WORK ORDER: Starting at the line with "X0000111581058200908061319", retype every remaining line of the records exactly. Do not include pictures.

WORKING DATA:
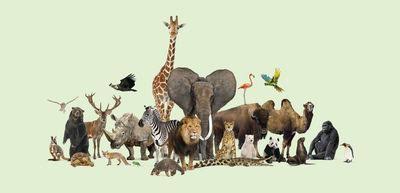 All Animals, Plants, And Fungi May Share A Common Ancestor Known As The "Asgardians"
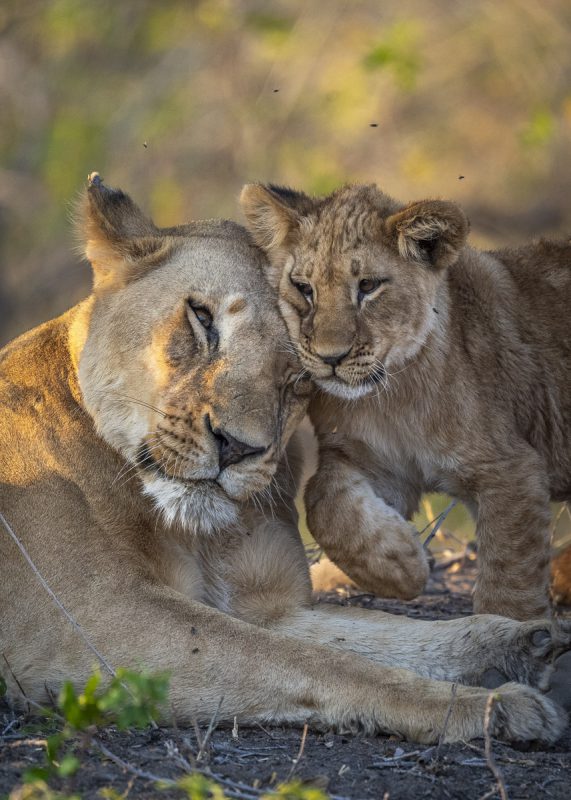Lioness and her cub in Okavango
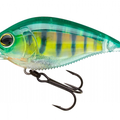 Real Perch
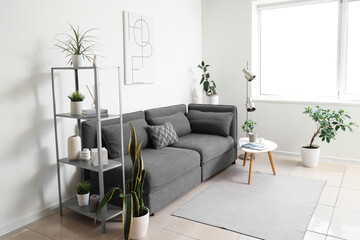 Interior of modern stylish living room with sofa, shelving unit and different houseplants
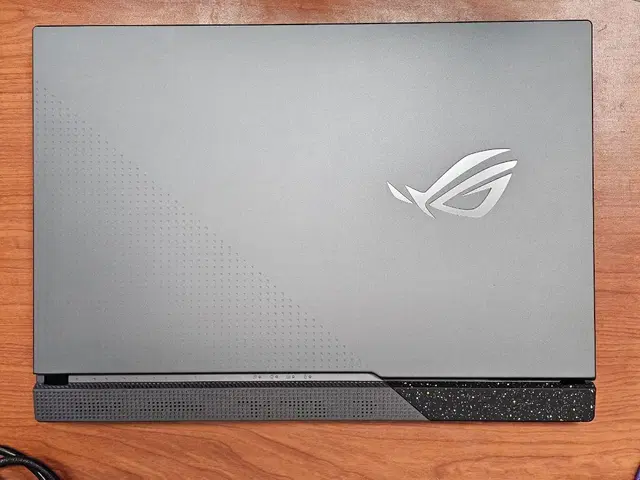 ASUS ROGSTRIX G713RW LL102 팝니다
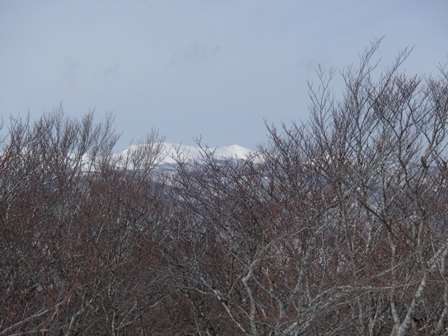 a0344771_09421590.jpg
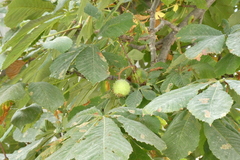 Aesculus hippocastanum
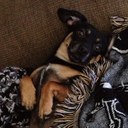 Mary Wulff - @spunkypen - Twitter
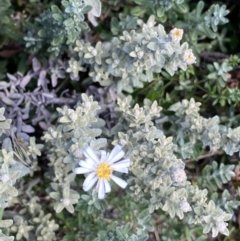 Olearia brevipedunculata at Geehi, NSW - 16 Apr 2022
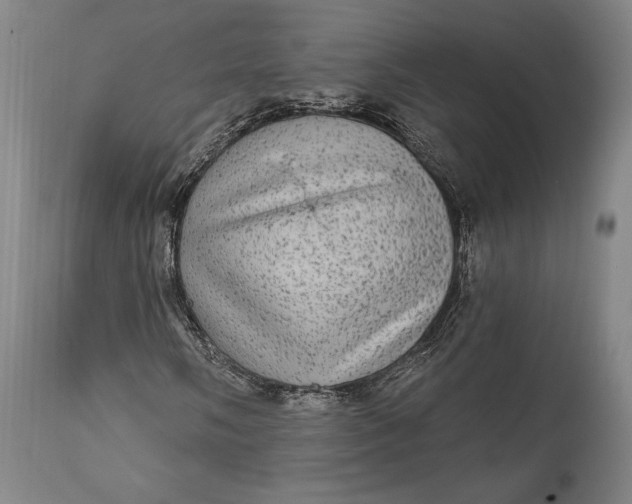 X0000111581058200908061319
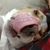 Josh Zeman's profile image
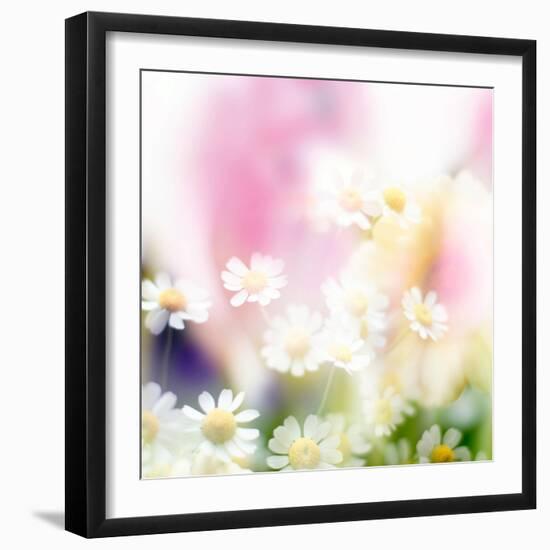 Beautiful Flowers Made with Color Filters-Timofeeva Maria-Framed Photographic Print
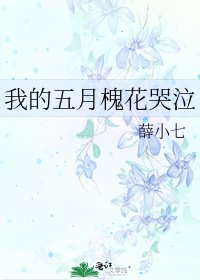 《我的五月槐花哭泣》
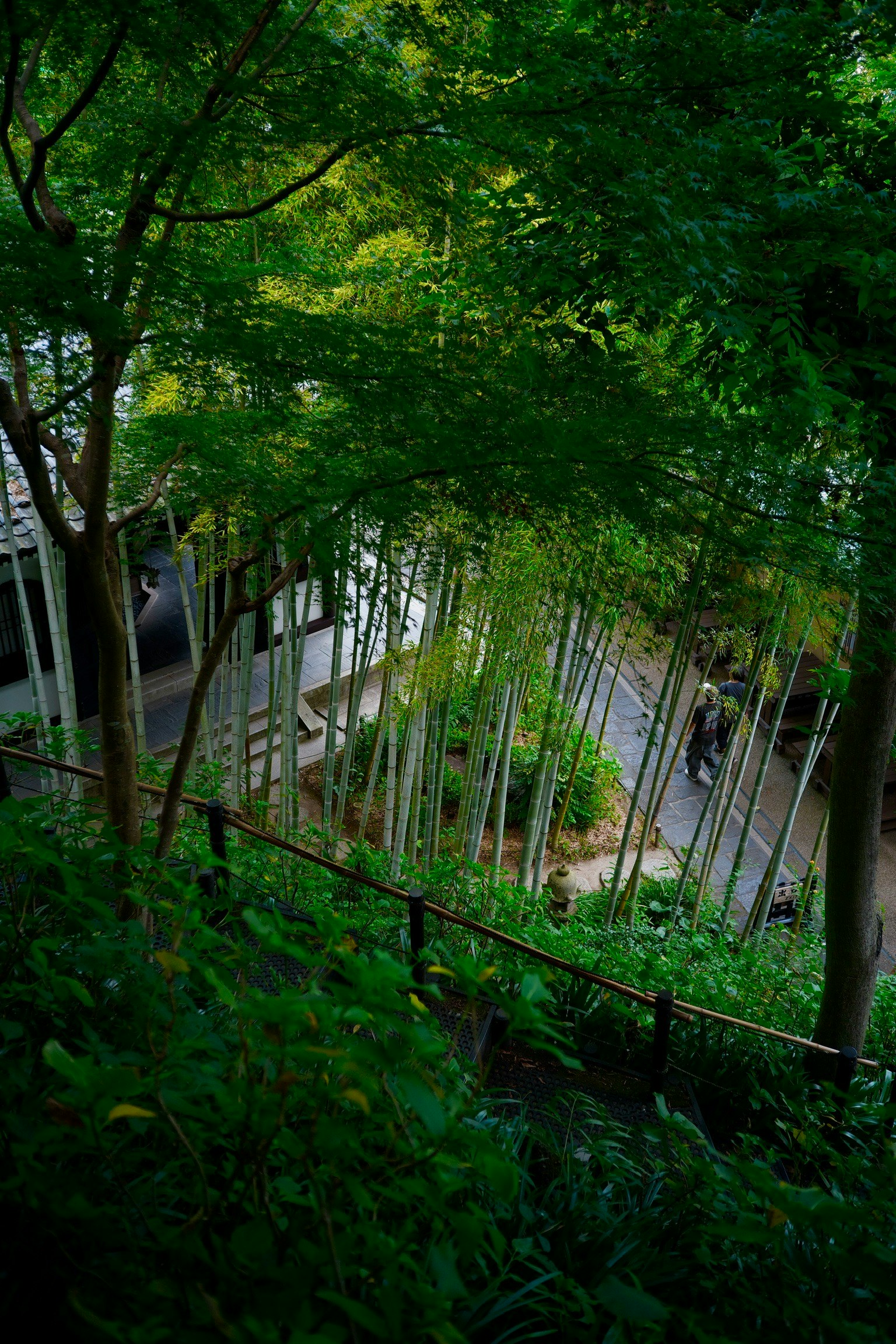 緑豊かな竹林と建物が見える静かな風景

PROBLEM SOLUTION:
 X0000111581058200908061319
 Josh Zeman's profile image
 Beautiful Flowers Made with Color Filters-Timofeeva Maria-Framed Photographic Print
 《我的五月槐花哭泣》
 緑豊かな竹林と建物が見える静かな風景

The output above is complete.